» Problem description: With the pictures left out, output the records below exactly.
*** Working data ***
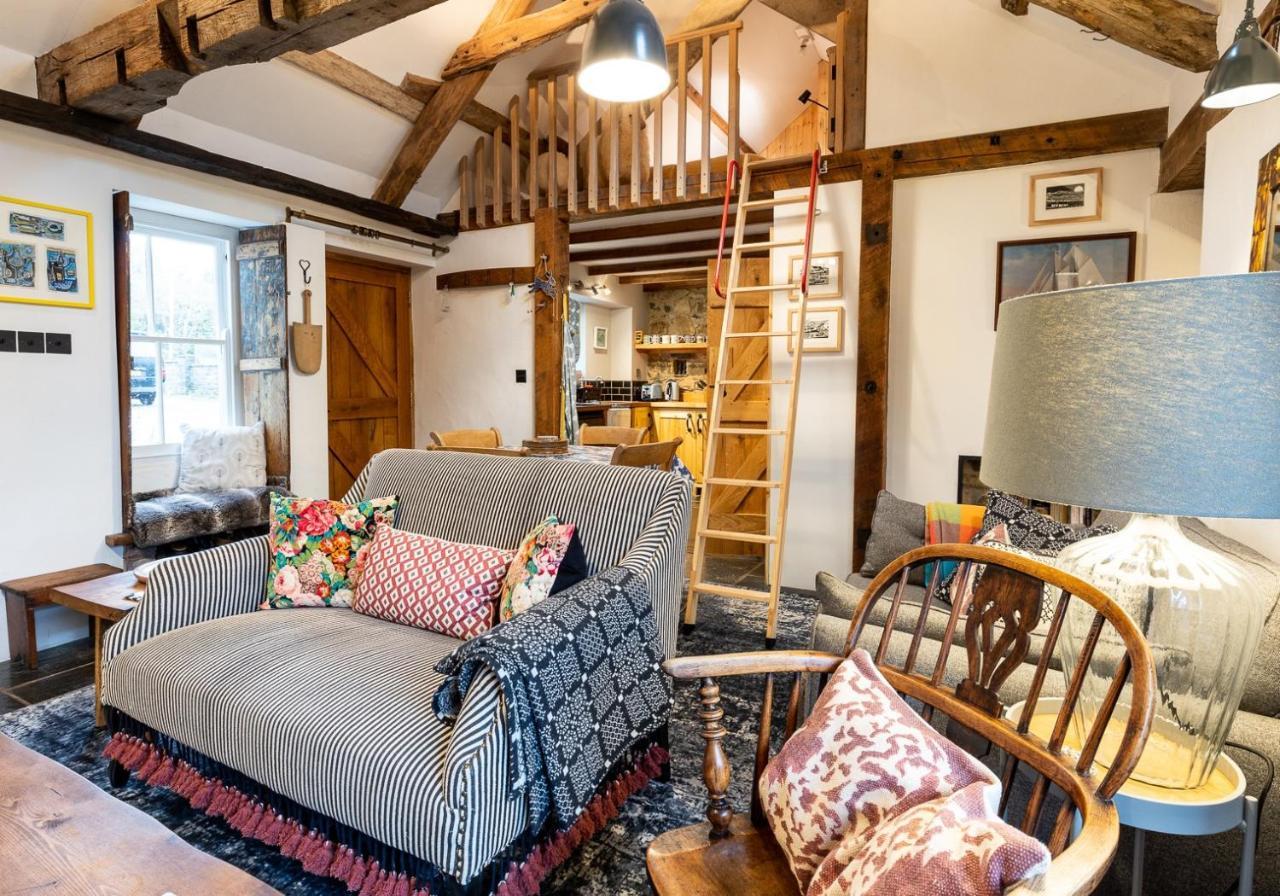 Bwthyn Capten - A Charming Cottage For Up To 6 Newport  Exterior photo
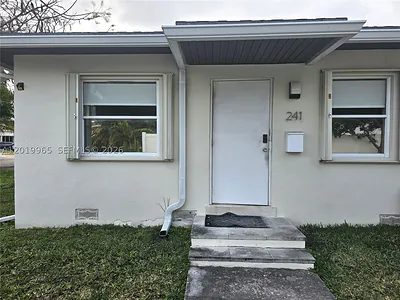 241 NE 1st Ter 1-2 #1-2 Dania Beach FL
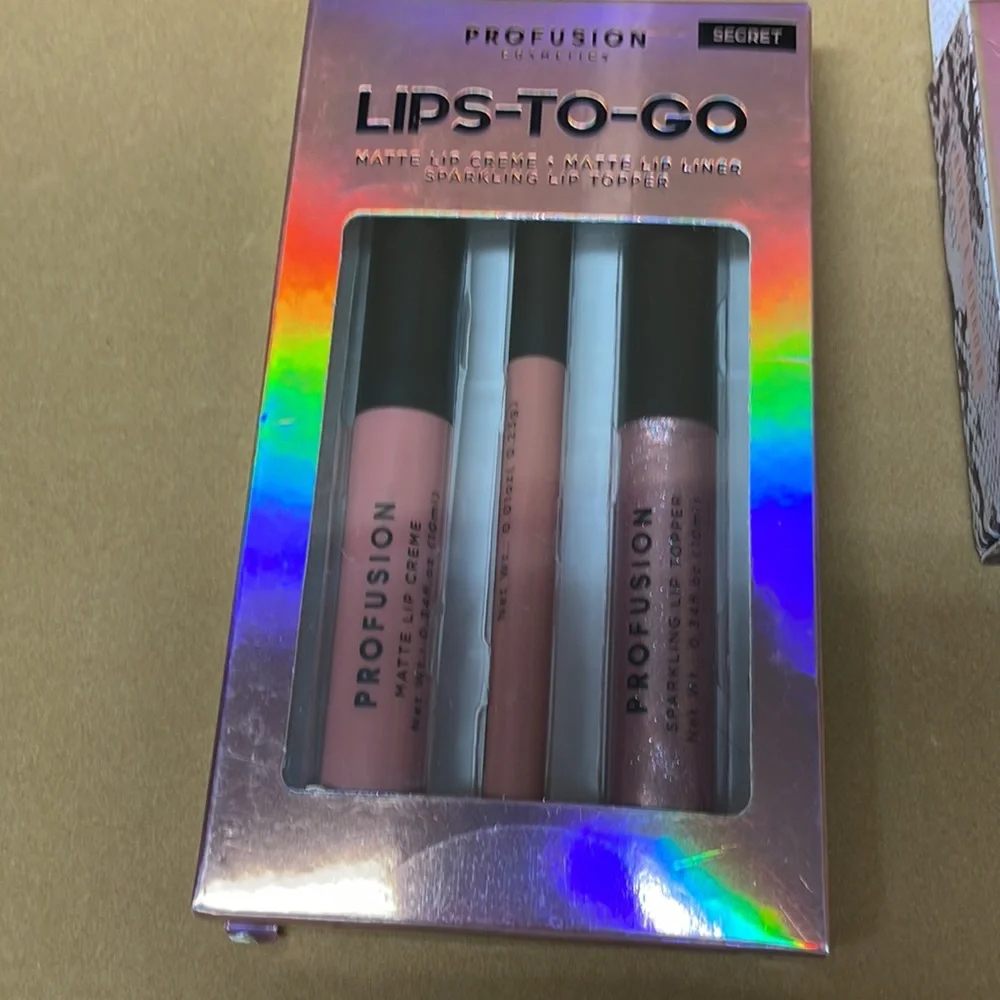 Make up bundle shadow palette, lips to go, waterproof mascara, eyelash curler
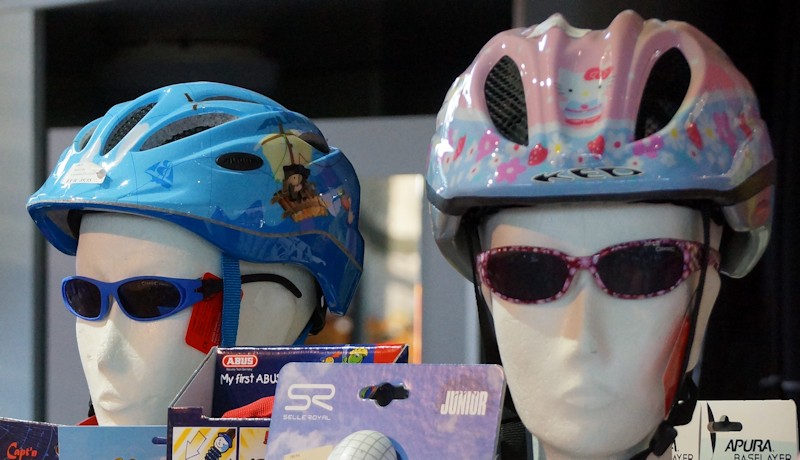 Zwei Fahrradhelme für Kinder in Blau und Rosa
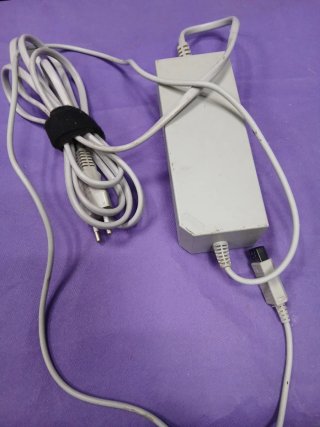 Cargador Nintendo Wii RVL-002(EUR) 12V 3.7A
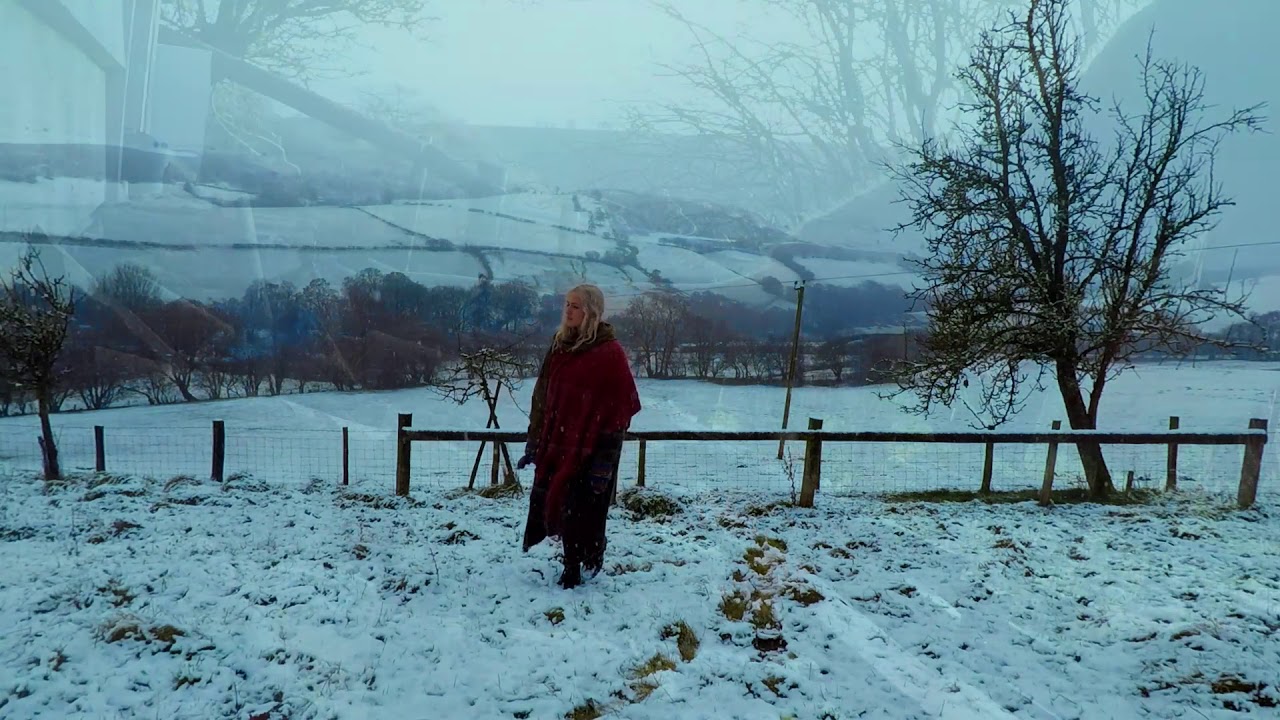 Snowing day in Midwales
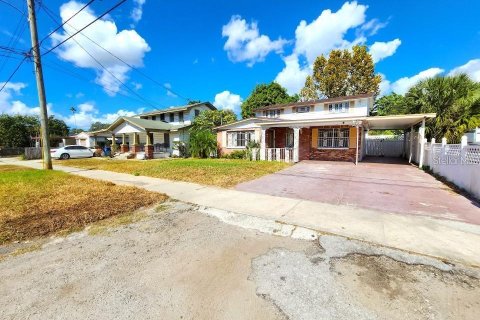 Casa en alquiler en Tampa, Florida, 3 dormitorios, 121.33 m2 № 1724009 - foto 1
*** End of Working data ***
» Output:
 Bwthyn Capten - A Charming Cottage For Up To 6 Newport  Exterior photo
 241 NE 1st Ter 1-2 #1-2 Dania Beach FL
 Make up bundle shadow palette, lips to go, waterproof mascara, eyelash curler
 Zwei Fahrradhelme für Kinder in Blau und Rosa
 Cargador Nintendo Wii RVL-002(EUR) 12V 3.7A
 Snowing day in Midwales
 Casa en alquiler en Tampa, Florida, 3 dormitorios, 121.33 m2 № 1724009 - foto 1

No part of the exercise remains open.